I recently have heard of several surprising alignment ideas. I’ll write them down here. This has updated me towards “there are a bunch of random hacky things that we could try which might be really cool”.
- Steven Brynes has a recent post “reward button”.
- The idea is to make an AI that wants you to press a certain button.
- The thought is that this is a super simple reward function.
- So inner alignment is easy.
- One problem with this plan is that it incentivizes the AI to take over control of the button.
- But that’s outside of the action space until the AI is an ASI.
- Maybe there are AI’s that
- Can do useful research.
- But can’t take over the button.
- OTOH, if you said “I’ll press button if you do great research” then that probably doesn’t work either
- Like, you can only use this on highly verifiable tasks.

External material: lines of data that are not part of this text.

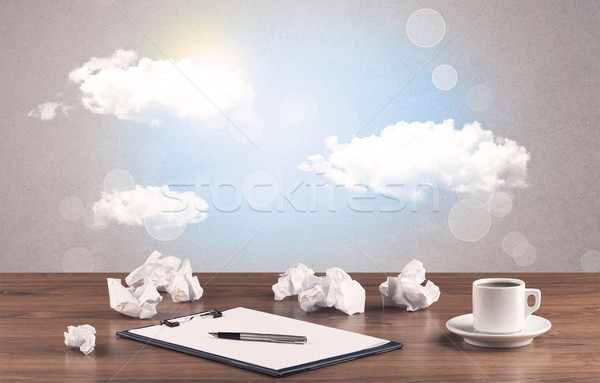 Zdjęcia stock: Jasne · niebo · chmury · działalności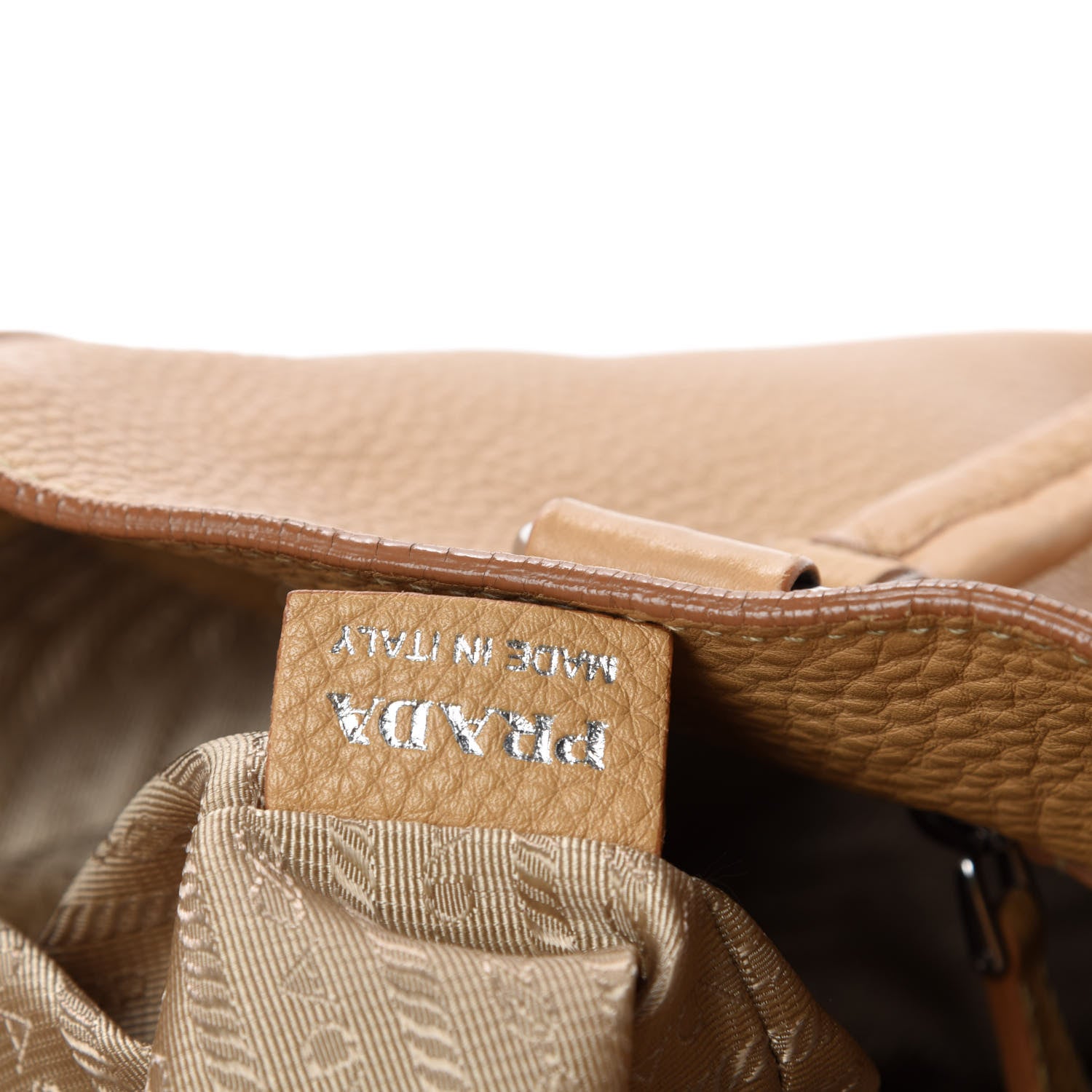 Prada Vitello Daino Pushlock Tote Sughero 13 of 14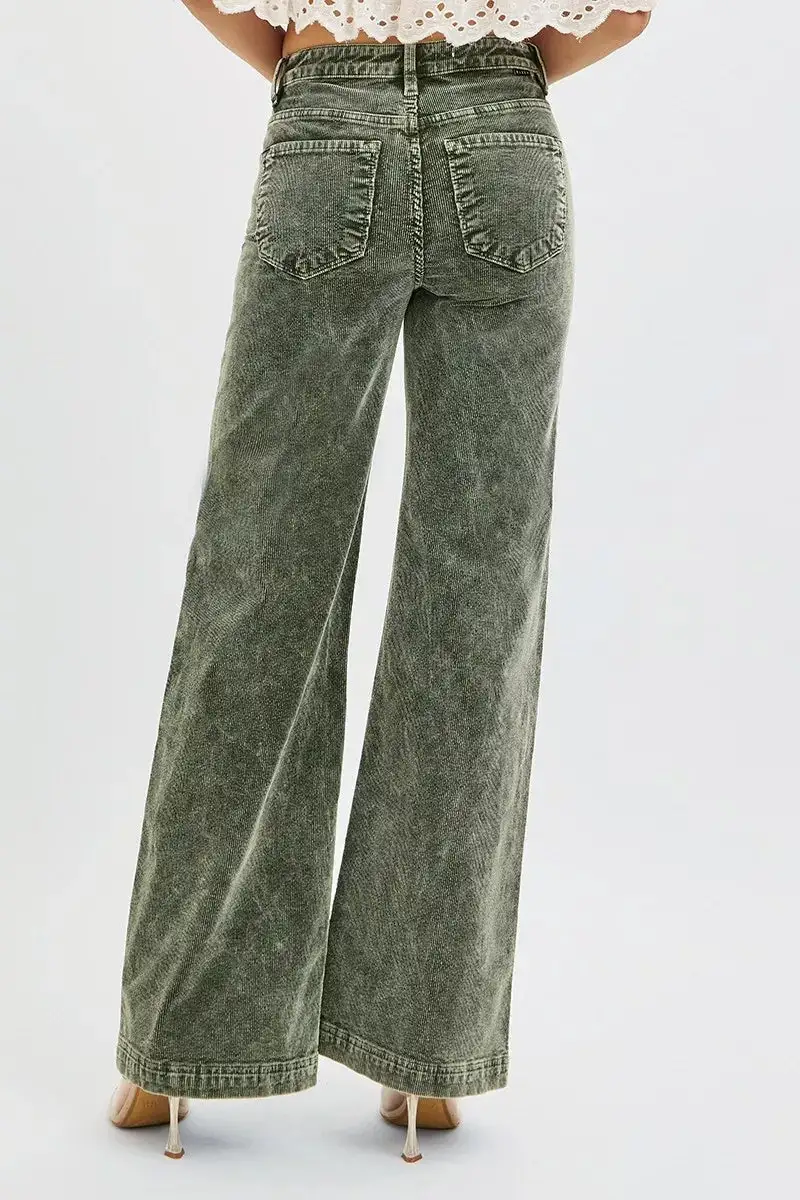 Full Size High Rise Wide Leg Corduroy Jeans Plus Size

- and if the task was highly verifiable, then maybe you could’ve done without this whole button thing?
- interesting idea tho.
- Distill a deceptively aligned model
- Some ppl have the intuition that “RL makes deceptively aligned AI’s much better than imitation/prediction”.
- If this was true then here’s something you can try:
- RL -⇒ super buff misaligned AI
- distill the misaligned AI
- either it has to act misaligned during distillation
- or you get a nice AI out?
- there are def problems that could happen.
- but maybe this does smth good.
- automating science
- train an AI model to figure out how humans integrate stuff into our world model.